Updated 11 November 2021

Shrewsbury Court is registered as a 50-bed independent hospital, situated in Redhill Surrey. It is registered to provide the following regulated activities:

• Assessment or medical treatment for persons detained under the Mental Health Act 1983.

• Treatment of disease, disorder or injury.

At the time of the inspection we visited three wards for patients with learning disabilities and or autism

  • Aspen Ward for 13 male patients
  • Lavender ward for seven male patients. At the time of the inspection the provider had recognised that this ward not fit for the purpose and was due to close for refurbishment; patients would be moved to Aspen Annexe. Following the inspection the provider notified us that patients had been moved to Aspen Annexe and refurbishments had commenced on Lavender ward
  • Mulberry ward for four female patients

The service also offers locked rehabilitation services in three other wards

• Maple single sex rehabilitation wards

• Oakleaf Ward recovery and rehabilitation ward.

• The providers took a recent decision to close Fern Cottage

The registered manager, who is also the hospital director, has been in post since 2016.

What people who use the service say

Patients told us they mainly felt safe although they made reference to “bullying” from other patients. This was due to lack of provision to store their possessions safely. For example, storing toiletries and snacks.
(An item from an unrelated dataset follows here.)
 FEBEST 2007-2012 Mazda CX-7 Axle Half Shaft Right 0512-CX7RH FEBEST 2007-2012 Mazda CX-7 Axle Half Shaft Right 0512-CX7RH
The provision we saw in Lavender ward was not suitable for patients’ toiletries as we noted cleaning chemicals were stored in one cupboard and paint and exposed wires in another cupboard. This was raised with the ward manager.

Patients told us they were provided with copies of their care plans.
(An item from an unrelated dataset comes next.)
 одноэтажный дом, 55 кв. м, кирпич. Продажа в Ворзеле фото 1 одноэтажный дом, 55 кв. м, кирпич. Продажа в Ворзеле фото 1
Patients feedback was variable about activities and opportunities for improving daily living skills. They said the meals served was good, but they were not able to prepare their own refreshments as facilities were kept in the office. Comments from patients about how they kept themselves occupied included, “I am bored” “sometimes I go to activities” and access to the occupational therapy room was cause for anxiety as it was on an upper level and not easily accessible for patients.

Patients gave us very negative feedback about the environment. Patients told us they were able to report maintenance repairs directly to the estate’s manager. During the inspection we saw the estate manager acknowledged to patient the repairs they had reported.

Patients told us they were able to approach staff with complaints and they were confident their concerns were taken seriously.

Patients comments about staff were variable. Some said the staff were kind while others made comments about specific staff. For example, blaming them for scribbles on walls. These comments were taken seriously, and action taken by the ward manager.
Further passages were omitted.